Last year was the “toughest year in a generation” for car production with the structural changes the JLR cyber-attack that stopped production new trade barriers.
That’s the view of Society of Motor Manufacturers & Traders CEO Mike Hawes as the trade body released production figures for the year.
UK vehicle production fell -15.5% in 2025 to 764,715 units – 717,371 cars and 47,344 commercial vehicles, with output falling by -8.0% and -62.3% respectively.
Production of battery electric (BEV), plug-in hybrid (PHEV) and hybrid (HEV) cars rose by 8.3% to a combined 298,813 units – a record 41.7% share of output.
The SMMT said with the start of next generation volume electric car production in Sunderland, and the planned launch of seven new EV models across the UK, output is expected to grow in 2026.
It added that the latest independent production outlook expects overall UK car production to return to growth with output set to rise by more than 10% to some 790,000 units in 2026.

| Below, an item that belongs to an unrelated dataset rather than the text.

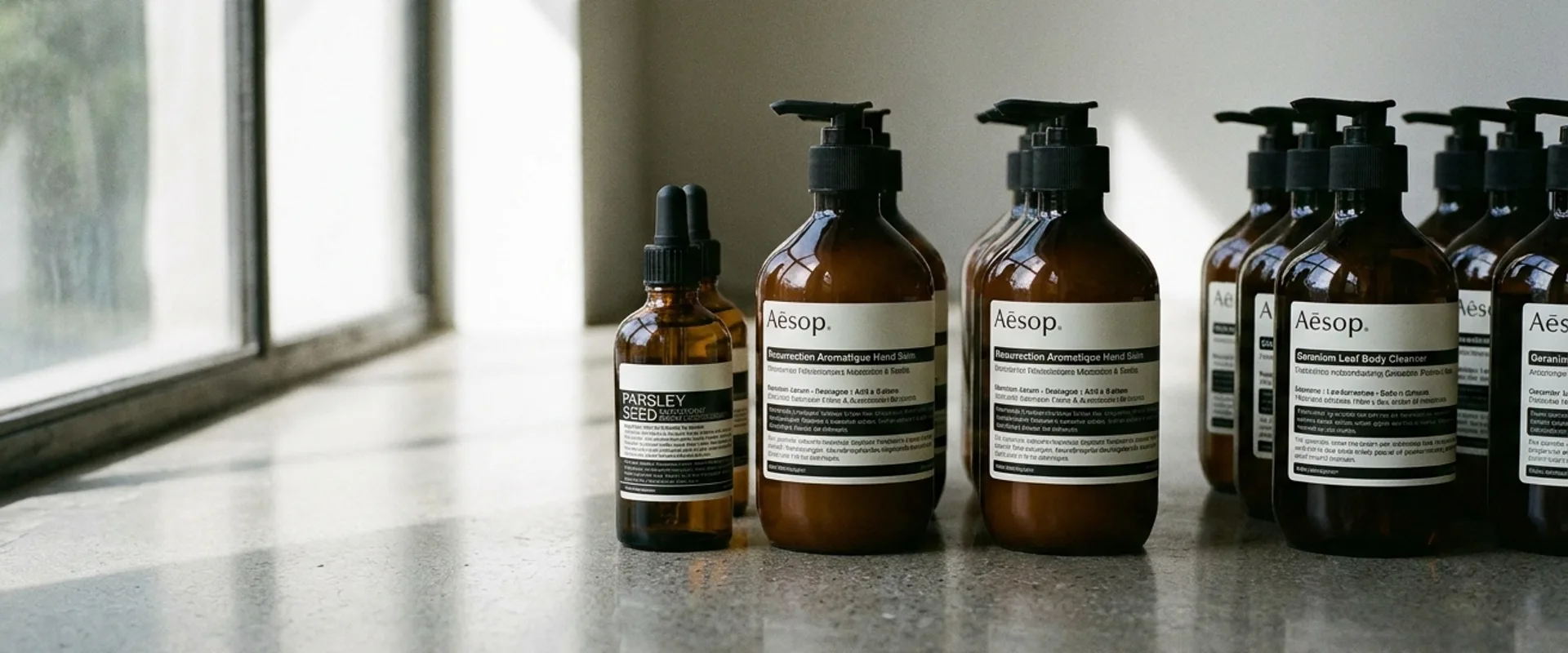 Aesop amber apothecary bottles with minimal black-and-white labels arranged on a marble surface, lit by soft natural side light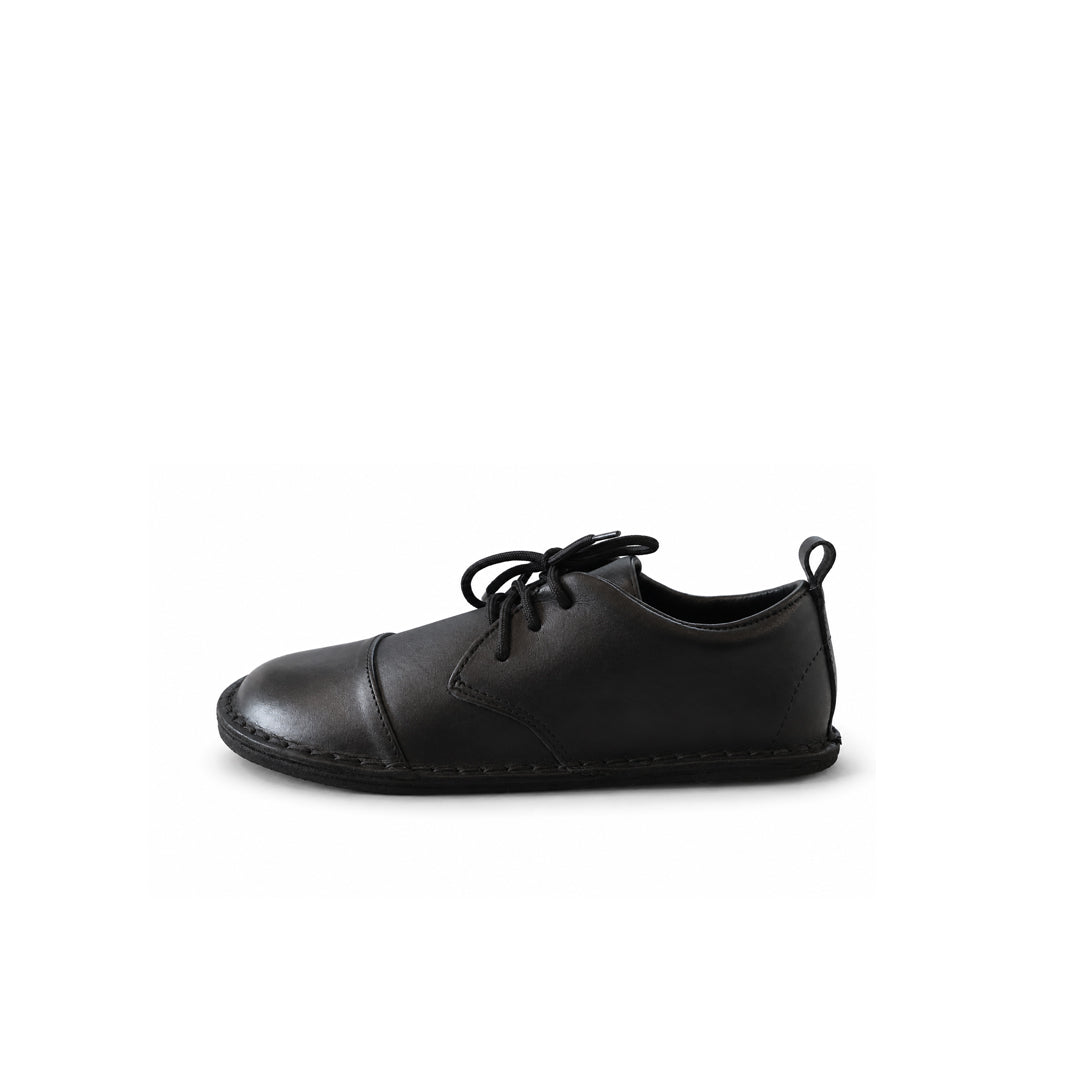 Black high-top sneaker with a brown sole on a white background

Overall light vehicle production is anticipated to reach 824,000 units – with the potential to reach one million units by 2027 provided new model launches stay on track and the right conditions are set.2
Hawes said while 2025 had been tough the outlook for 2026 is one of recovery.
“The launch of a raft of new, increasingly electric, models and an improving economic outlook in key markets augur well.
“The key to long term growth, however, is the creation of the right competitive conditions for investment; reduced energy costs; the avoidance of new trade barriers; and a healthy, sustainable domestic market. Government has set out how it will back the sector with its Industrial and Trade strategies, and 2026 must be a year of delivery.”